__Task objective__.
Copy out the lines beginning at the one with "view of patio" and ending at the last line of the data, both included; pictures stay out.

___ Dataset extract ___

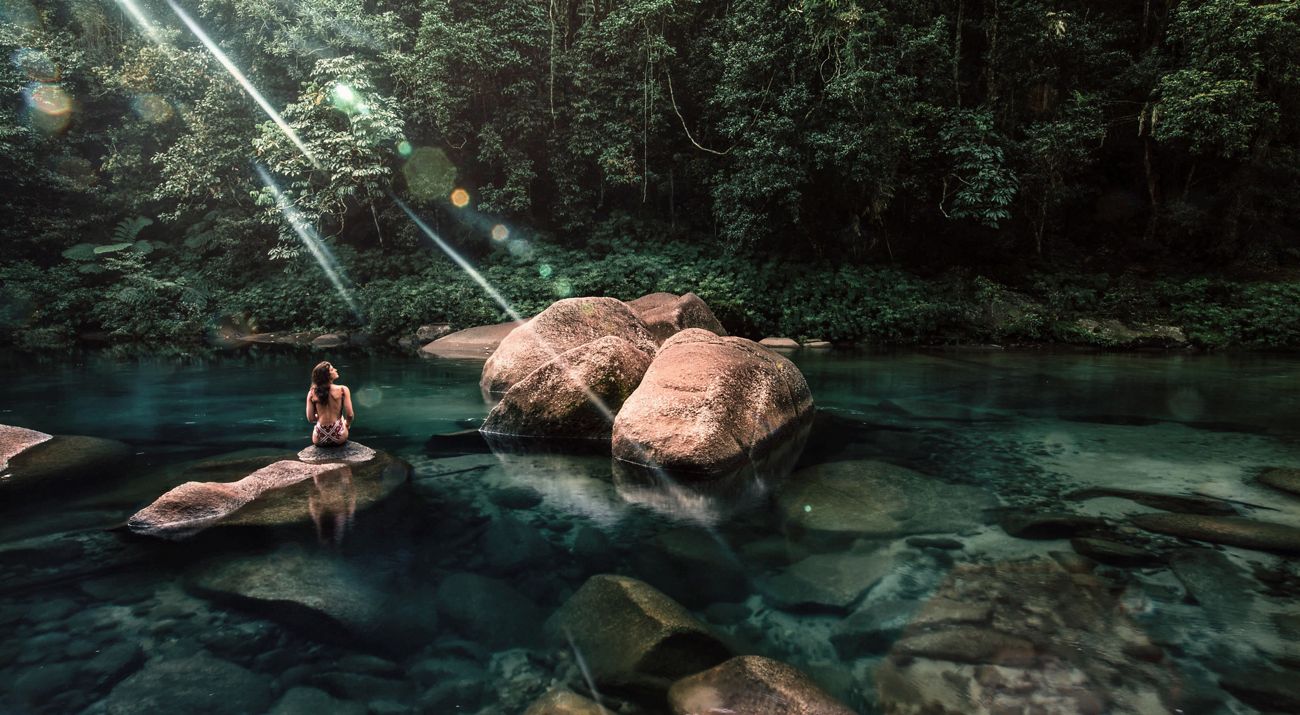 a woman sitting on rocks surrounded by water
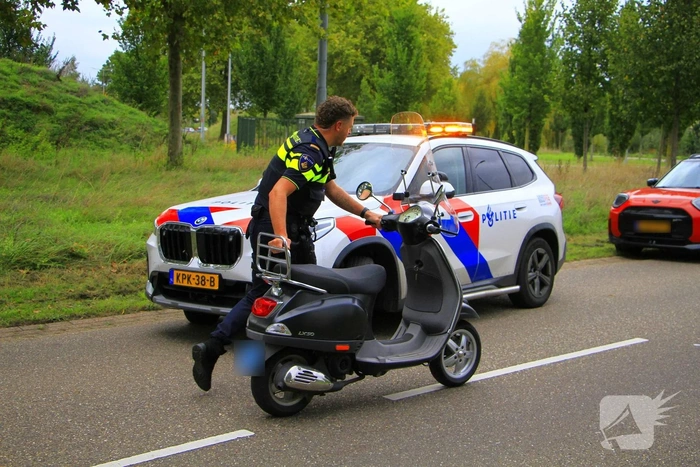 Scooterrijder gewond na ongeval in bocht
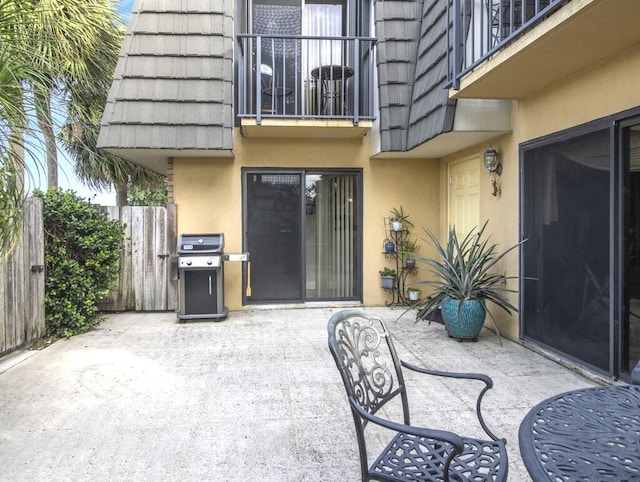 view of patio / terrace featuring a grill and a balcony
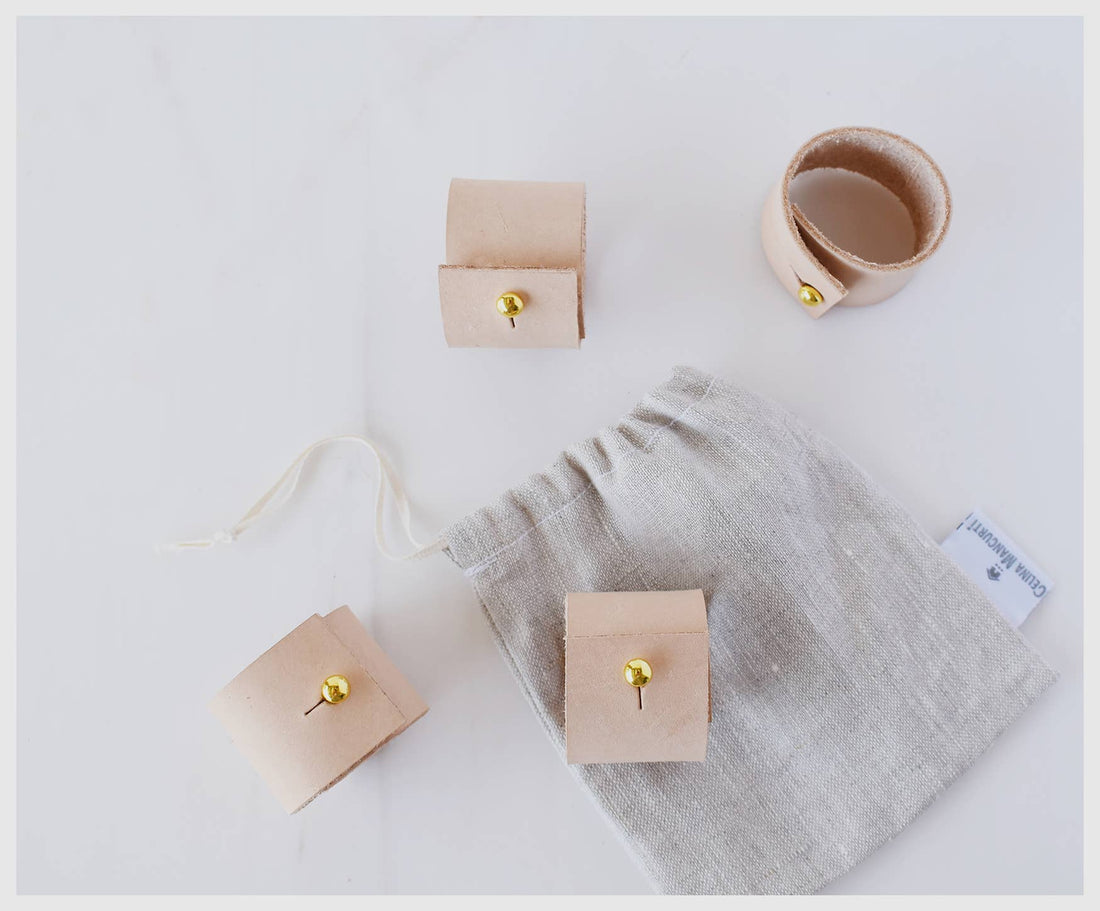 Tan leather Napkin Rings, set of three, with brass clips, alongside light grey linen storage bag, flat lay.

___

__Answer to this exercise__.
 view of patio / terrace featuring a grill and a balcony
 Tan leather Napkin Rings, set of three, with brass clips, alongside light grey linen storage bag, flat lay.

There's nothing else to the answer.